Tempestade perfeita
O desenrolar da aventura independentista da Catalunha cumpriu um roteiro que já se desenhava muito claro. Dadas as bases da empreitada, dificilmente poderia haver outro desfecho que não a decisão do premiê da Espanha, Mariano Rajoy, de dissolver o governo catalão e convocar novas eleições.
A querela pôs frente a frente duas figuras quase imiscíveis: Rajoy e Carles Puigdemont, então chefe da administração local e artífice do plebiscito organizado à revelia da autoridade de Madri —que dispõe da prerrogativa constitucional de autorizar ou não consultas dessa natureza por parte das comunidades autônomas espanholas.
Configurado o descumprimento legal, o líder catalão, que iniciou carreira política como deputado por um partido nacionalista, viuse numa encruzilhada.

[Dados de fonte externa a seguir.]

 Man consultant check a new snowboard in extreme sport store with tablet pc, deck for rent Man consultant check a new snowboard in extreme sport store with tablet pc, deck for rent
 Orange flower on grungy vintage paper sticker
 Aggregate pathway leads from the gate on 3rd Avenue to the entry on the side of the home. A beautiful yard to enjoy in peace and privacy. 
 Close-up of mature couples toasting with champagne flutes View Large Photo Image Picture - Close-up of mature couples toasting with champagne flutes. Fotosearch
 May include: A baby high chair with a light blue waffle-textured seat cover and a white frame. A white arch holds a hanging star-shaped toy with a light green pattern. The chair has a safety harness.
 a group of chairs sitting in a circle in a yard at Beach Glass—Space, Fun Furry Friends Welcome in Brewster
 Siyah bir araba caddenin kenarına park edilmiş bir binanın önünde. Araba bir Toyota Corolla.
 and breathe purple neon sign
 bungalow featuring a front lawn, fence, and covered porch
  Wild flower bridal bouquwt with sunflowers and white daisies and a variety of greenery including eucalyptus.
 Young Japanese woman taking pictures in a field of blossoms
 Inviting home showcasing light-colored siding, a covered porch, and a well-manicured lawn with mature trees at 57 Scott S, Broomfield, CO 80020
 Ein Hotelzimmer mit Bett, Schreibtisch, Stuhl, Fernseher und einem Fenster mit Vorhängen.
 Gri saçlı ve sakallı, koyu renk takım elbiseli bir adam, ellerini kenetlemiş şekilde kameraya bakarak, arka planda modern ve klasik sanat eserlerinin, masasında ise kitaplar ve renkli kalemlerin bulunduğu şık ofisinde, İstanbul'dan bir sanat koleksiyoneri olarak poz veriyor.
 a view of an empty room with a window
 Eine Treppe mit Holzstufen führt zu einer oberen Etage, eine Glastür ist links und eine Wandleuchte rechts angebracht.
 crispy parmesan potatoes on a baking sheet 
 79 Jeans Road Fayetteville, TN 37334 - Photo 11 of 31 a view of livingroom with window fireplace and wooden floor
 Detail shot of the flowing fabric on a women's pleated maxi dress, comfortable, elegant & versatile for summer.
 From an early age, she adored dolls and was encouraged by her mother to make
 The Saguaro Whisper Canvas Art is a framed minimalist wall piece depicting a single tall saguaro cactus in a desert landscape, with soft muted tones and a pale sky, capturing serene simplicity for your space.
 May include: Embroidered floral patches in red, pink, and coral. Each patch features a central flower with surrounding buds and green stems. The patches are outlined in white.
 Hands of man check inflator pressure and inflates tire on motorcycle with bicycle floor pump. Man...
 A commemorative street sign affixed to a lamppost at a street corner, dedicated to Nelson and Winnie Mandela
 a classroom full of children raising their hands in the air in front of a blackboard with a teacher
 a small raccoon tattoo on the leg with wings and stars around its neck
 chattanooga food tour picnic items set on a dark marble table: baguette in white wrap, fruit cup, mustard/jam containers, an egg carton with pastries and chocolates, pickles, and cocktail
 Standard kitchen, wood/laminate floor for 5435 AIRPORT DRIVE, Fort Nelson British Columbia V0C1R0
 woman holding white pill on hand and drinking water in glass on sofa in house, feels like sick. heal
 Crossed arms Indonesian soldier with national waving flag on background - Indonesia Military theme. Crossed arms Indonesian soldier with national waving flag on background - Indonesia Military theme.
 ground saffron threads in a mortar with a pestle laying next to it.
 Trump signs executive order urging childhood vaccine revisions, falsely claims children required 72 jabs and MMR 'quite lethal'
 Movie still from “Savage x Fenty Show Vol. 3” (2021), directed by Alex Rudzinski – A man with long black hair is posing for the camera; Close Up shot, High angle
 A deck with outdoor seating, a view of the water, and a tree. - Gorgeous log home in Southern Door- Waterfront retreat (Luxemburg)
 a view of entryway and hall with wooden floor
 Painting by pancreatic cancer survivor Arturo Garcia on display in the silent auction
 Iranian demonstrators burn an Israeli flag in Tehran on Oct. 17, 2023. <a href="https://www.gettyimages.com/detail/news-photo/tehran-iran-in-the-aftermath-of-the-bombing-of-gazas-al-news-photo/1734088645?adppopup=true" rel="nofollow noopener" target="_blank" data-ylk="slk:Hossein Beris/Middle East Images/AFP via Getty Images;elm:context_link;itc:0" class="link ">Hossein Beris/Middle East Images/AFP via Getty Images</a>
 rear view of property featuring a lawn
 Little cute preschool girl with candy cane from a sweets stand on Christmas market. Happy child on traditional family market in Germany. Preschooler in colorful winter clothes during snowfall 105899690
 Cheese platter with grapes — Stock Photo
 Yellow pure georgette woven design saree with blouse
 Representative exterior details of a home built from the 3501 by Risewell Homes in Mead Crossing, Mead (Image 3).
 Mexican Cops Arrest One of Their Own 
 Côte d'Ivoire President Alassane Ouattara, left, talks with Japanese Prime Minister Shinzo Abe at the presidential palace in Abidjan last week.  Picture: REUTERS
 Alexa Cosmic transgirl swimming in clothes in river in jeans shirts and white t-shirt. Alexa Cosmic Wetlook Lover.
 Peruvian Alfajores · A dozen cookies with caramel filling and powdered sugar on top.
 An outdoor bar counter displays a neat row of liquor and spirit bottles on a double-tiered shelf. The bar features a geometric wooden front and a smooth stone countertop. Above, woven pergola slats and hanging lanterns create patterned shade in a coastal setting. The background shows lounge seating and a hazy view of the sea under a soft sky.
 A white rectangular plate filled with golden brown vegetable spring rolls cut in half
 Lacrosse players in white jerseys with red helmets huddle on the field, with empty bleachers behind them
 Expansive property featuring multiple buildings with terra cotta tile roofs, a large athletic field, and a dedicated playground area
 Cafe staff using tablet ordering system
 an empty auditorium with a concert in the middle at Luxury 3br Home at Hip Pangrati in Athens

Se desistisse da ofensiva, correria o risco de ficar marcado entre seus simpatizantes como traidor. Optasse por seguir adiante, fecharia de vez as portas para uma negociação.
Errático, ele chegou a declarar a independência para, ato contínuo, suspender seus efeitos e pedir diálogo. O aparente recuo provou-se inútil, pois na prática Puigdemont não desistiu de seu projeto como exigia Rajoy —este, notório pelo pouco tato para lidar com o separatismo desde quando era apenas líder oposicionista.
Somadas as inflexibilidades de ambos os lados, a tempestade perfeita se abateu sobre a região. Ressalve-se que o grande polo de turbulência foi Puigdemont, que levou até o fim um movimento do qual a maioria dos catalães discordava (52% a 39%) e que dispunha de apoio internacional quase nulo.
Por inédita, a destituição de autoridades regionais e a realização de um novo pleito foram entendidas como uma punição muito rigorosa. Rajoy, entretanto, valeuse da lei, tão somente.
O artigo 155 da Constituição permite que se tomem “medidas necessárias” quando uma comunidade autônoma não cumpre com suas obrigações. Embora o texto não especifique quais seriam tais ações, existe amplo consenso sobre a validade de se dissolver os poderes locais para garantir a unidade territorial do país.
Ao lado do premiê, aliás, está a maior parte da sociedade catalã. Segundo pesquisa, 52% estão de acordo com a eleição em dezembro.
Em outra sondagem, a coalizão independentista não conseguiria maioria no Parlamento regional. Um preço político alto, mas não tanto quanto o que Puigdemont pagará caso seja condenado pelo crime de rebelião de que foi acusado pelo Ministério Público.